Dataset entries -

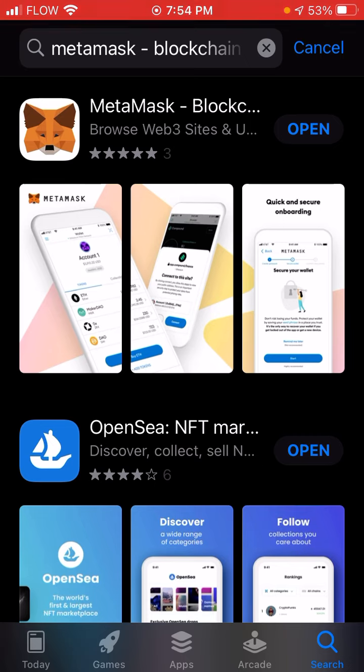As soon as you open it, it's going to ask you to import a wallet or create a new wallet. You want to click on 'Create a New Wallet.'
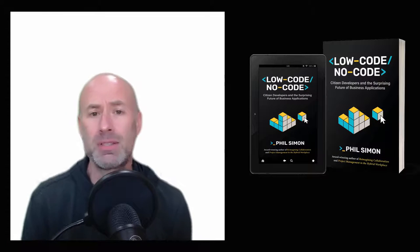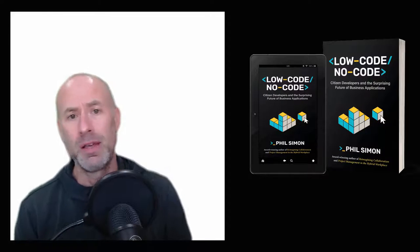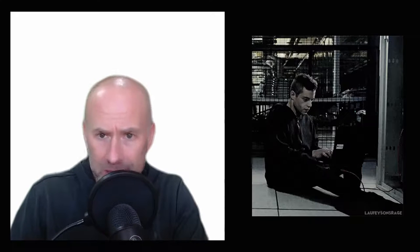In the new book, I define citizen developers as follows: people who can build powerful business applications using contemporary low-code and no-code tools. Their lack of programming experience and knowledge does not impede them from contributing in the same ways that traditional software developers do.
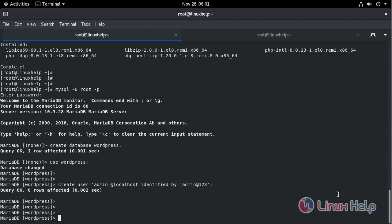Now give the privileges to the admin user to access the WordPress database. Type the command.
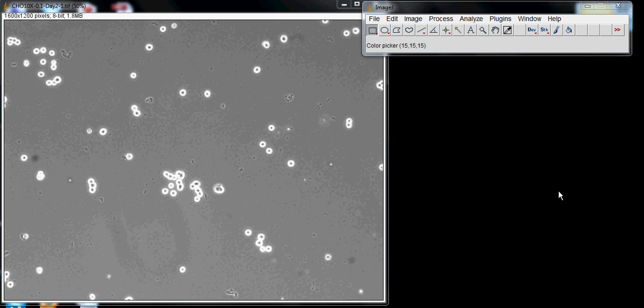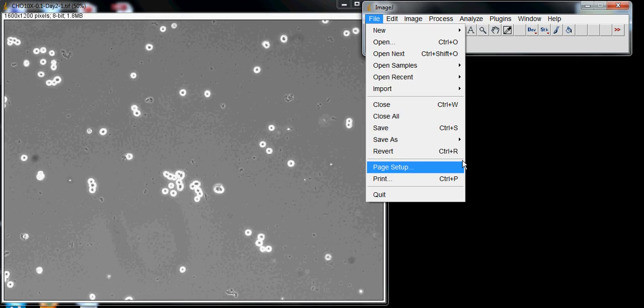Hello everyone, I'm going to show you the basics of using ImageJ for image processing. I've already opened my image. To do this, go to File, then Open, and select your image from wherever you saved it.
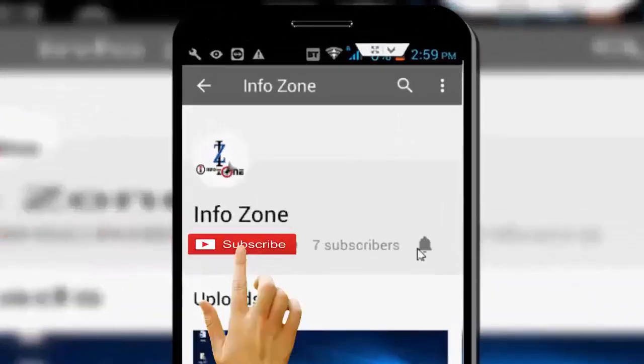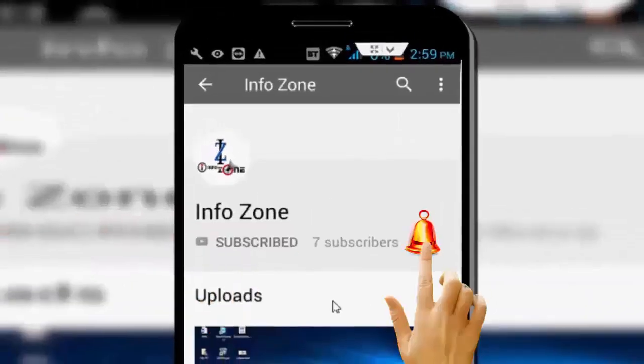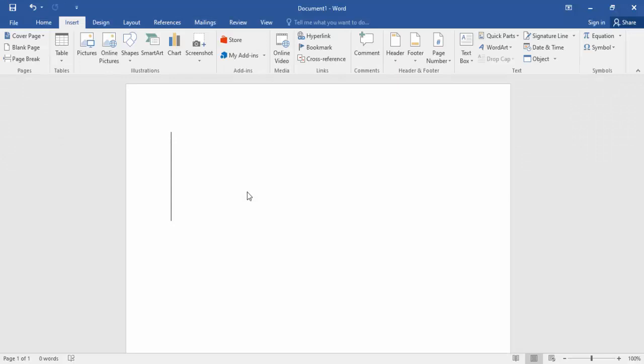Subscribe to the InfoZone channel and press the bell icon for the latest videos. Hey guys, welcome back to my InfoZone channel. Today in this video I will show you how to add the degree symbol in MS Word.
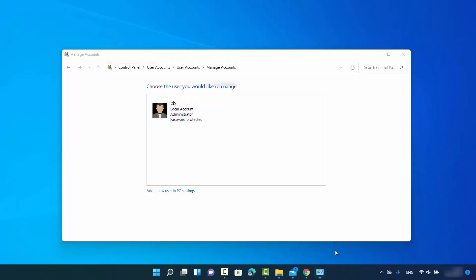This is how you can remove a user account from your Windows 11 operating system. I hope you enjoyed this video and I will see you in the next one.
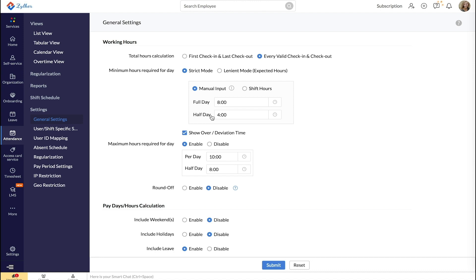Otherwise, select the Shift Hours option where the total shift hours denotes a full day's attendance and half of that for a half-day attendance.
* * *
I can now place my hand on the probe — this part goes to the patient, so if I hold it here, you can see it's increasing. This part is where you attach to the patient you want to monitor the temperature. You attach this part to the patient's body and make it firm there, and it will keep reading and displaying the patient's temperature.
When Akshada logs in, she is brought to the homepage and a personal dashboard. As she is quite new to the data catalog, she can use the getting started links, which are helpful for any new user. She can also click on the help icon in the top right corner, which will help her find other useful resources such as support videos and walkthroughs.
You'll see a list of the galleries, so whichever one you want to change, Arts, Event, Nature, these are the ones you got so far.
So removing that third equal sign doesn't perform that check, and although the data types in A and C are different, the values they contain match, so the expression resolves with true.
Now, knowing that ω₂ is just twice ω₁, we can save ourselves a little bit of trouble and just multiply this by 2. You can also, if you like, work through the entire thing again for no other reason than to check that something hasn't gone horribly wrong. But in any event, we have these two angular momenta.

Brief -
In the data above, find the line containing "As soon as you" and the line containing "In the new book, I". Copy exactly the stretch from the first through the second, both included, leaving out any picture.

Exercise answer -
As soon as you open it, it's going to ask you to import a wallet or create a new wallet. You want to click on 'Create a New Wallet.'
In the new book, I define citizen developers as follows: people who can build powerful business applications using contemporary low-code and no-code tools. Their lack of programming experience and knowledge does not impede them from contributing in the same ways that traditional software developers do.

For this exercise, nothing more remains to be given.